In the course of human history, this divinely conferred dignity of the human person has often been reduced or ignored with tragic consequences. There are several examples we could mention including the horrors of the Second World War. In the aftermath of that conflict, the world struggled to come to terms with the barbaric examples it had witnessed of man’s inhumanity to man. In response, the United Nations drew up its Declaration of Human Rights in 1948. In the Church, the Dogma of the Assumption of Mary was defined in Rome on 1st November 1950 by Pope Pius XII. For most people at the time, the dogma had only to do with Mary. But perhaps without fully realising it, the Church was making an extremely important affirmation not only about the dignity and destiny of Mary but about the dignity and destiny of every human being. Only five short years after World War II had ended, the totality of human existence, its dignity before God and its future was being asserted as a direct consequence of Mary’s Assumption. It was a message the world badly needed to hear then as it does now.

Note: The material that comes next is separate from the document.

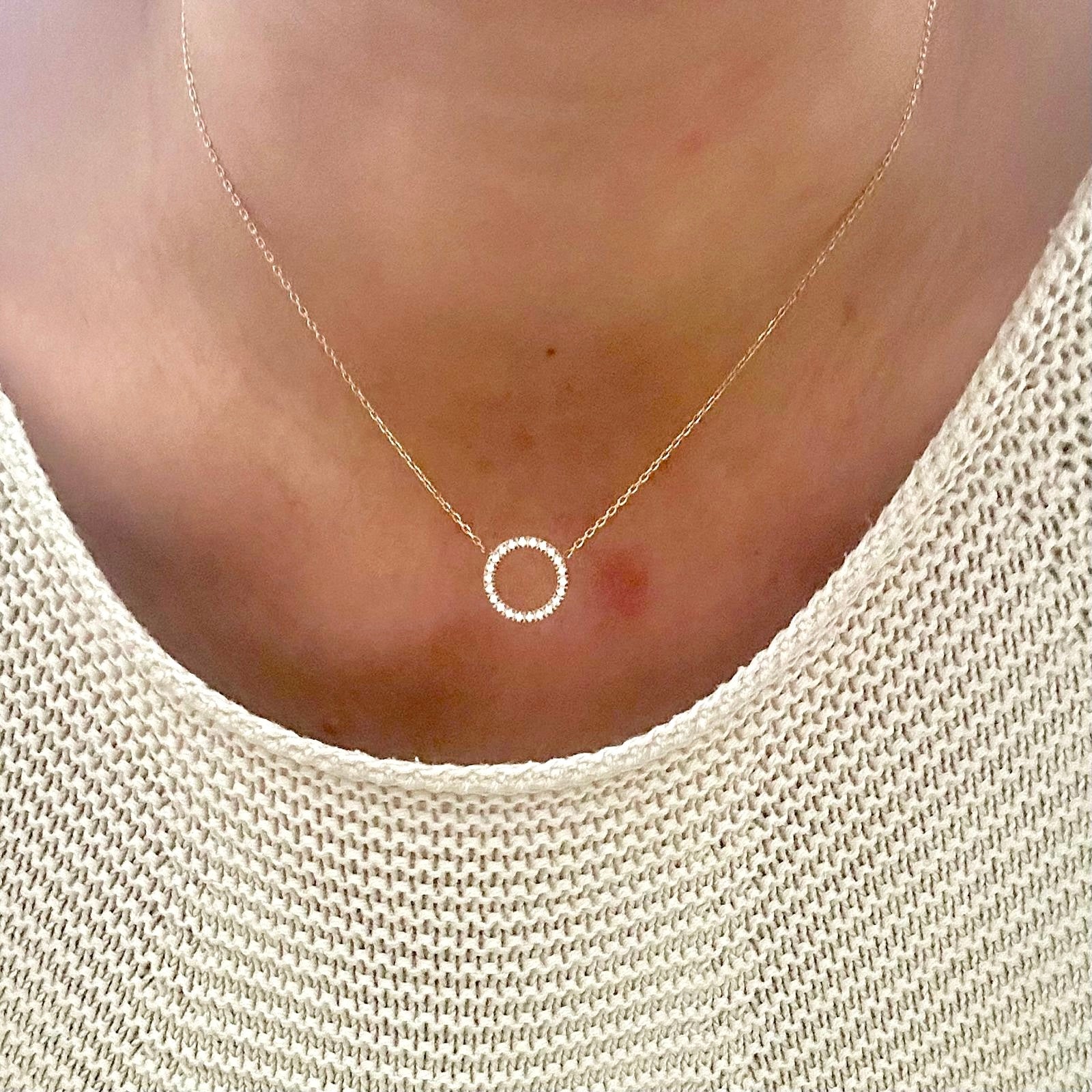 Collier fin en acier inoxydable doré à l'or fin 14K cercle ajouré serti d'oxyde de zirconium porté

Mary’s Assumption is about her whole existence, body and soul, sharing fully in the resurrection of her Son. At the heart of this feast day is the love between Our Lady and her Son that was so strong in life that it united them totally after death. Jesus wanted her to be with him and to share in the new life he won for all of us. Where he is in glory with the Father, he wants us to be as well. With the feast of the Assumption, God’s Word beckons us: ‘Here in glory with me is where I want you to be. Here is your future and your fulfilment. Never take your eyes off the destiny of your journey in life and never depart from the path that leads here’.

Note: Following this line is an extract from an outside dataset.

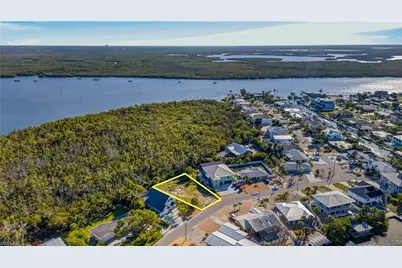 311 Donora Blvd, Fort Myers Beach, FL 33931 - Photo 19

The Assumption of Mary into heaven also speaks to the modern world of the innate dignity of every human being, body and soul. It speaks of human dignity being once again ‘lifted up’ after a horrific time of war in the last century when it had been beaten down. God wants us to know that dignity, to cherish it in ourselves and honour it in others. He wants us to know where our dignity comes from and who has conferred it upon us. Mary’s glorification in body and soul is a sign that every aspect of our lives is important to God and is touched by his saving spirit.

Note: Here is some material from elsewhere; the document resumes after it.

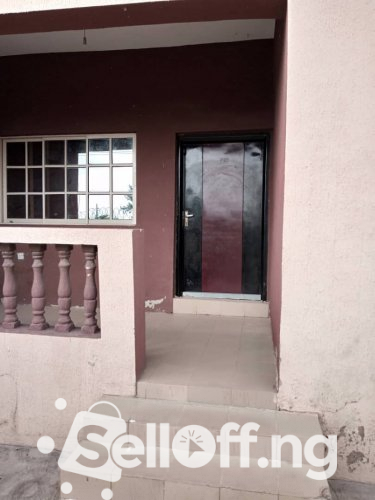 Modern 3 Bedroom Flat With All Facilities At Cele Rainbow (off tiper garage road)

This is why Mary is a profound symbol of hope and healing for body and soul in a broken world. The Assumption is an inspiration for us to protect human rights and defend human dignity especially those who are in danger of their futures being taken away through violence or neglect. In every age and time, dark forces try to reduce the dignity of the human person or convince Christianity that her insistence on the sacredness of human life is too high. The Assumption of Mary holds before us again, the awesome truth of what the Gospel teaches and the awesome dignity to which God has raised humanity.